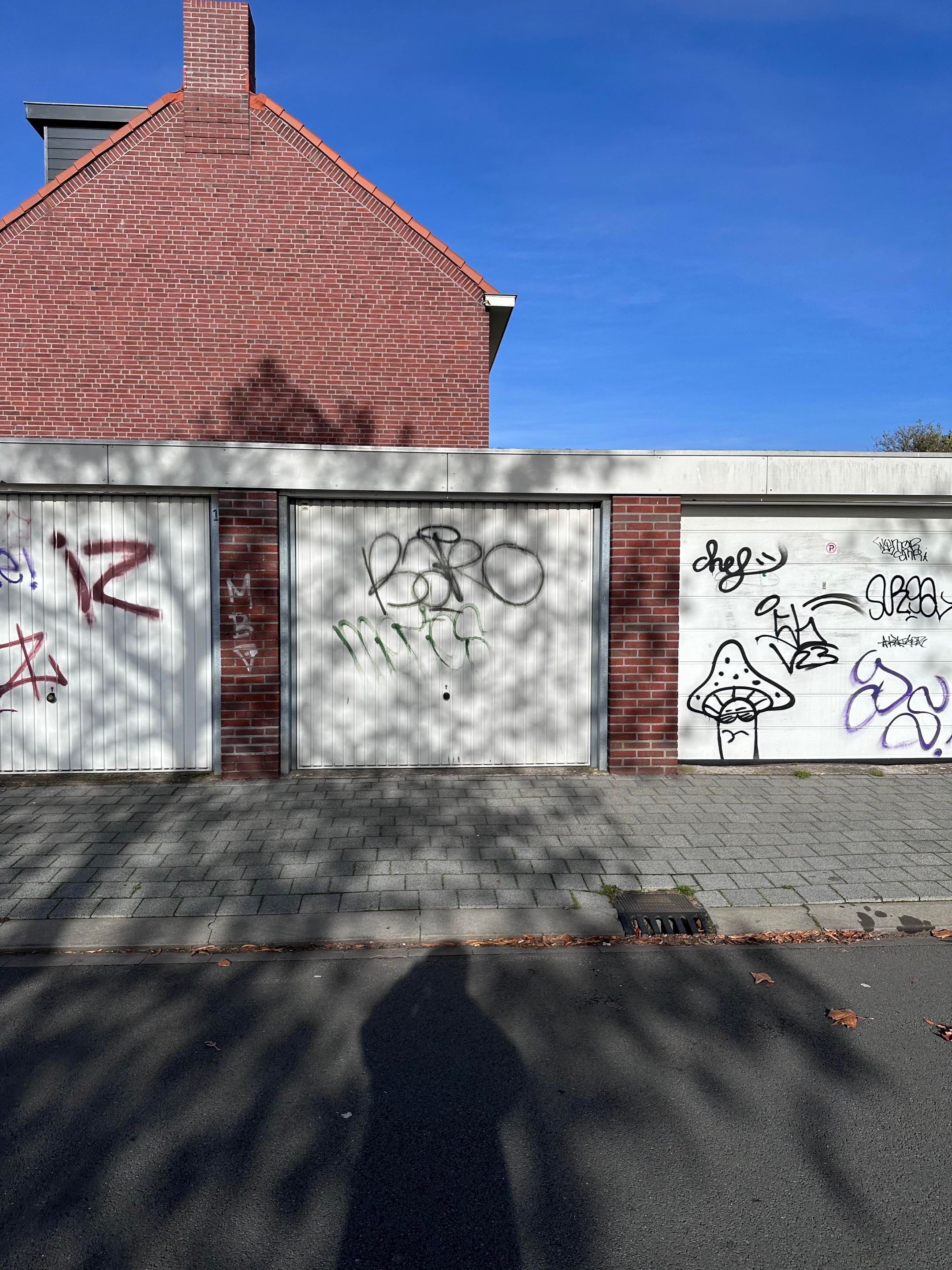 Foto 3 van Koele Mei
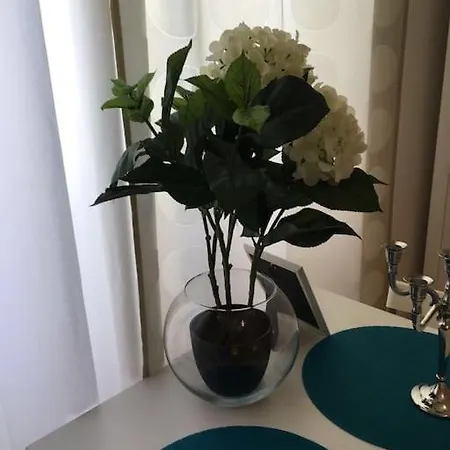 1 Center Apartment *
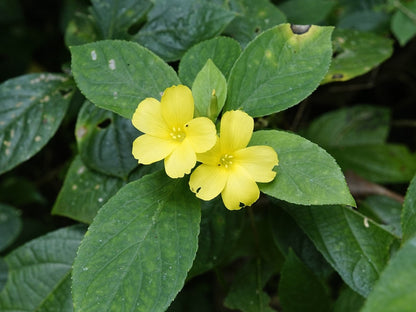 Turnera 'Sundrop' live plant for sale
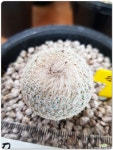 epithelantha mioromeris 월세계 실생 선인장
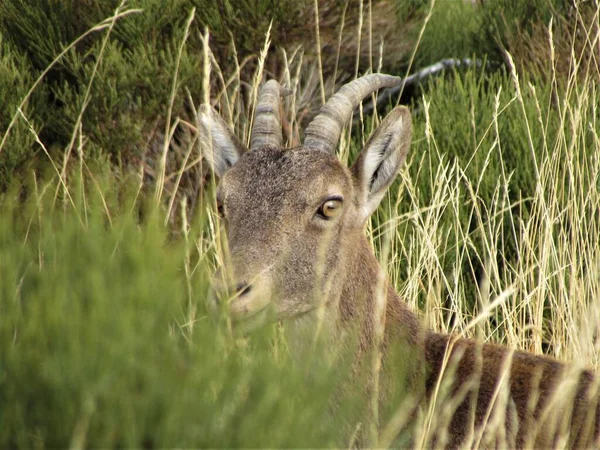 Cabras Salvajes Conscientes Los Depredadores — Foto de Stock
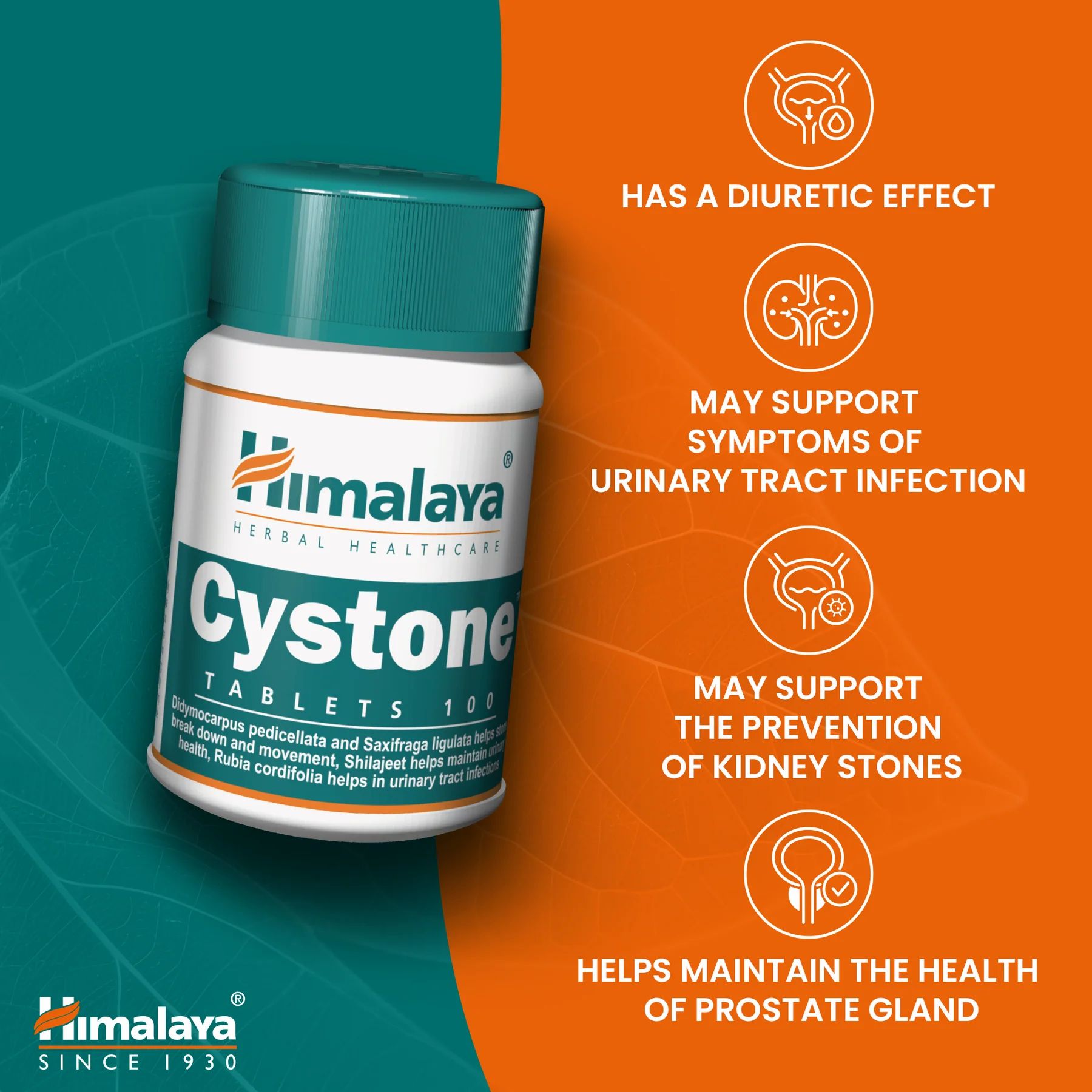 Himalaya Cystone compresse in bottiglia. Testo: Ha un effetto diuretico. Può supportare i sintomi di un'infezione del tratto urinario.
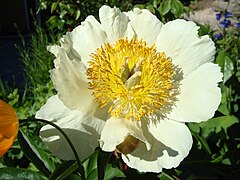 Paeonia ×arendsii 'Claire de Lune', single flowered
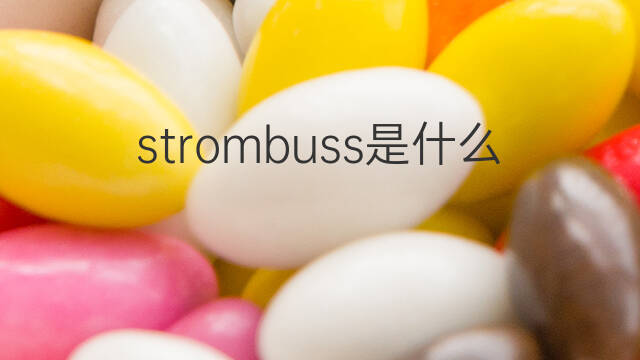 strombuss是什么意思 strombuss的中文翻译、读音、例句
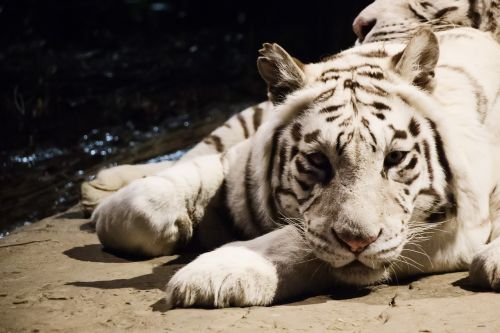 tiger animal zoo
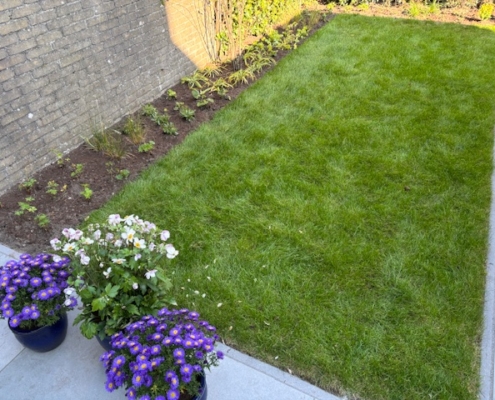 Tuinonderhoud Tuinonderhoud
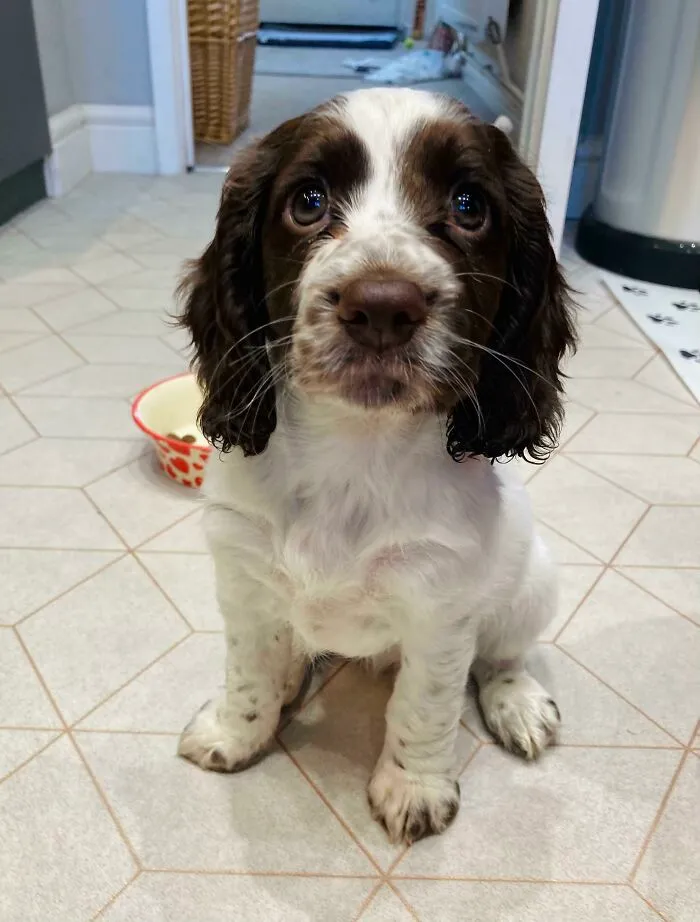 Brought This Little Girl Home The Other Day. Anyone Have Any Name Ideas?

* Exercise description *
Exactly the lines from the one holding "tiger animal zoo" to the last line of the records above should be duplicated, with no pictures among them.

* Exercise output *
 tiger animal zoo
 Tuinonderhoud Tuinonderhoud
 Brought This Little Girl Home The Other Day. Anyone Have Any Name Ideas?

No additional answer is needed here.